If you are incurring remote working expenses during the pandemic, you may be able to claim those expenses to reduce your tax payable under the Canada Income Tax Act.

Generally, employees with remote working expenses are paid either an allowance or they are reimbursed by their employer (including an “accountable advance”).

If you are paid an “allowance” for your home office expenses, the allowance should be deductible to you generally.
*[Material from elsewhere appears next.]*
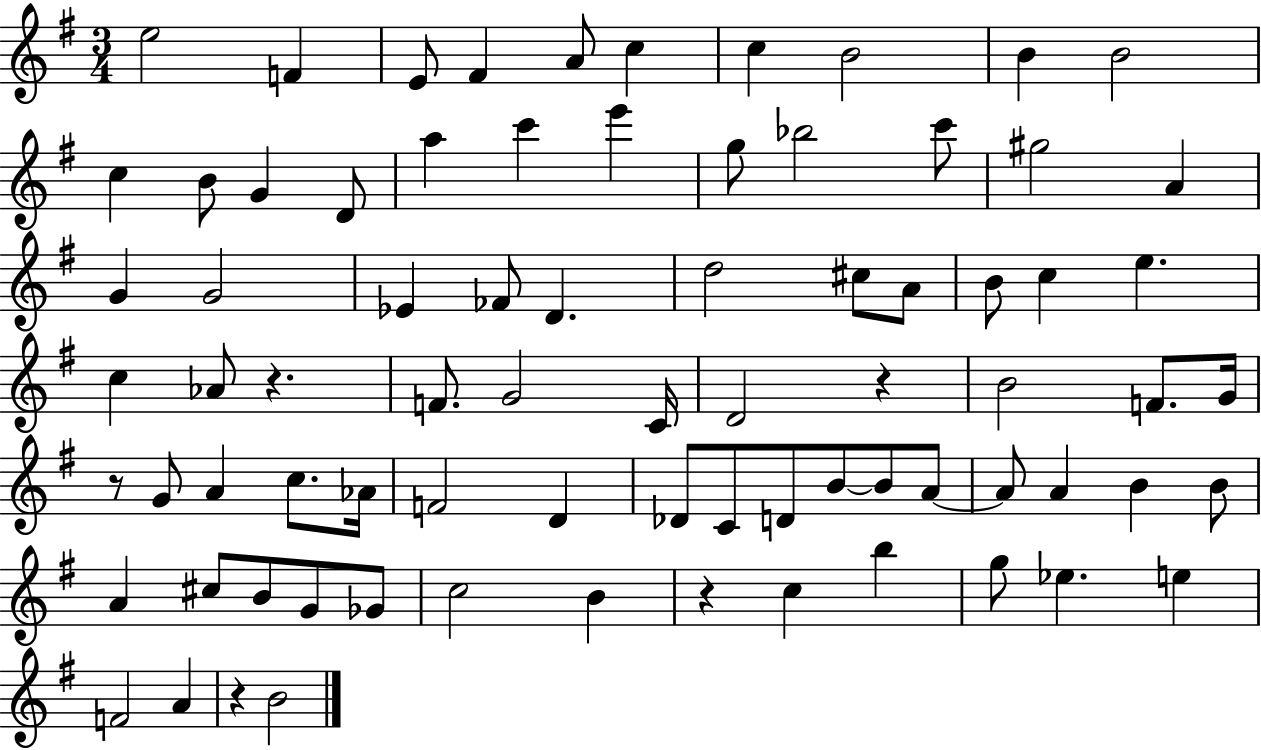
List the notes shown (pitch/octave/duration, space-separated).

E5/h F4/q E4/e F#4/q A4/e C5/q C5/q B4/h B4/q B4/h C5/q B4/e G4/q D4/e A5/q C6/q E6/q G5/e Bb5/h C6/e G#5/h A4/q G4/q G4/h Eb4/q FES4/e D4/q. D5/h C#5/e A4/e B4/e C5/q E5/q. C5/q Ab4/e R/q. F4/e. G4/h C4/s D4/h R/q B4/h F4/e. G4/s R/e G4/e A4/q C5/e. Ab4/s F4/h D4/q Db4/e C4/e D4/e B4/e B4/e A4/e A4/e A4/q B4/q B4/e A4/q C#5/e B4/e G4/e Gb4/e C5/h B4/q R/q C5/q B5/q G5/e Eb5/q. E5/q F4/h A4/q R/q B4/h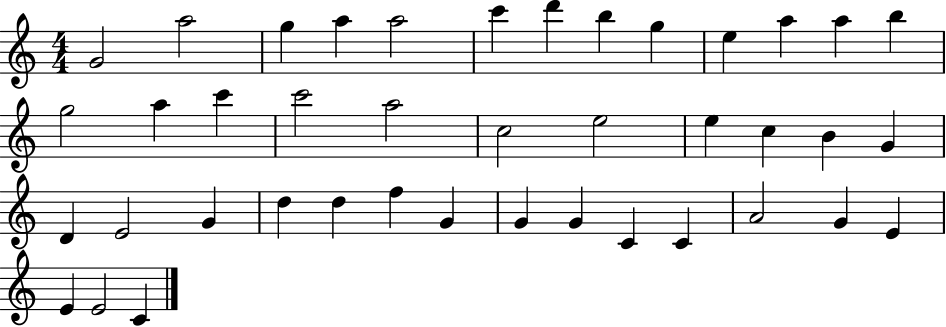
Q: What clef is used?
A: treble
If not, it would be a “taxable benefit” to you and not be deductible.

If you pay for your home office expenses initially, but your employer reimburses you afterwards, those expenses should be deductible generally, too.

In either case, you may be able to “deduct” your remote working expenses during the pandemic against your taxable income and, as a result, pay less tax. 

If you receive either an allowance or a reimbursement, which the Canada Revenue Agency deems a “taxable benefit” to you, your employer could also “gross up” your benefit by paying the additional tax payable by you – this is also a taxable benefit.

If you have remote working (i.e., home office) expenses while working remotely during the pandemic, here are some tips that you should consider, including speaking to your tax advisor for assistance and advice when you file your (now deferred) personal income tax form:


  • you will need to give your employer your organized receipts (information) about your remote working expenses
  • your employer can reimburse you for those that are reasonable and related to you performing your employment duties
  • if an expense is a mix of both business and personal, your employer will likely have to report your reimbursement and you will likely be taxed on and for the personal component as a taxable benefit
  • if it is difficult to allocate the expense between business and personal, the CRA expects that a reasonable position will be taken by you and your employer
  • some mixed-use expenses cannot be tracked and documented accurately by actual receipts (i.e., mobile phone usage and/or data usage, unless used solely for business and, if so, your employer is unlikely to be able to reimburse you and, if it does, it is likely this expense may be deemed a taxable benefit to you
  • if your employer reimburses you for a “capital expense”, such as a new computer, printer, other hardware, or fixing up your home to accommodate you working remotely, you will be deemed to have received a taxable benefit, taxable to you, directly, but your employer is likely able to deduct the expense in full as a business expense, unless the CRA deems it unreasonable in the circumstances  
  • using a reimbursement, rather than an allowance, is likely preferable if you have one-time or irregular remote working expenses that you experience during the pandemic


  • if you receive a flat-rate allowance for your home office expenses, it will likely be a taxable benefit and, therefore, will be added to your income for tax purposes
  • if, for example, you earn an annual salary of $50,000, plus a remote office allowance of $50 monthly, the allowance would be added to your income, being $50,600
  • of the $50 monthly allowance, after you pay tax on it, you put in your pocket that amount, less your marginal tax rate on that amount, a net benefit to you (i.e., your “after-tax” allowance)
  • your employer should be able to deduct your allowance in full, as a business expense, unless the amount is deemed by the CRA to be unreasonable in the circumstances


To be able to deduct any of your remote working expenses against your taxable, employment income:

[1] your employment contract must require that you pay for the expenses at issue;

[2] your employer must sign a T2200 form, certifying the conditions required for your deductibility are met; and

[3] the expenses you claim for deduction must not have been reimbursed to you by the employer.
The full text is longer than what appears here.